Iraqis could then spend some of their efforts looking to the future. After fresh elections, this time held under UN observation, a new government could move to create the prosperity within which a stable democratic society can thrive. To do this it would need the profits of oil sales to improve infrastructure and living standards. National debt would therefore have to be cancelled and US imposed privatisation schemes abandoned. In addition, natural justice demands that substantial reparations be paid by the nations that backed Saddam and that devastated the country with sanctions and bombing. Bringing these elements together would mean that Iraq could face the future with a degree of confidence.

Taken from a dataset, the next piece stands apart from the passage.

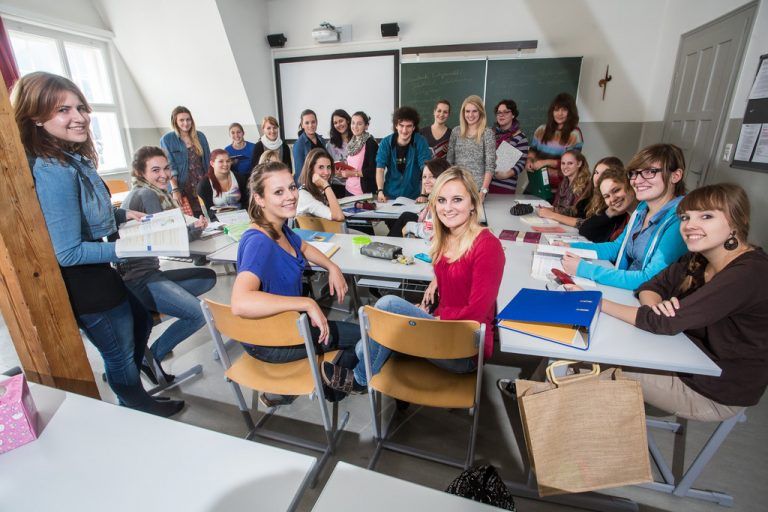 Gestatten, wir sind die 5b der BAKIP in Feldkirch. Das Projekt Matura startet. Foto: VN/Steurer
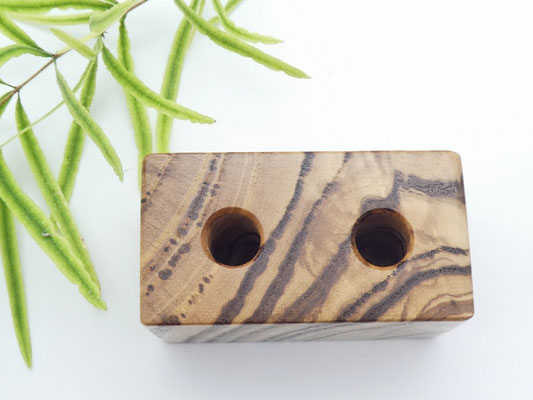 Stifthalter aus Olivekern-Esche für 2 Stifte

Is this scenario realistic? Will powerful elites and nation states allow such a solution to be taken forward? In light of the catastrophe that is the US occupation its not hard to foresee in the short term the withdrawal of what elite support remains for the adventure. A solution similar to that described above may come to be seen as the only realistic one for arresting Iraq’s descent into hell, something the global economy can ill afford. But western populations should not sit around hoping that elites will do the right thing, or that whatever suits elite interests might one day happily coincide with what is the right thing to do. To effect these solutions the measure taken to bring down Apartheid, free India, win the vote, end segregation, secure labour rights and score countless other victories should be repeated on an enormous scale, forcing governments to act. The US is already all but defeated in Iraq. With assistance from western populations that defeat could be turned into a victory for the Iraq people, and for the world as a whole. If that victory is to be won, then it is for us to take the action required in order to achieve it.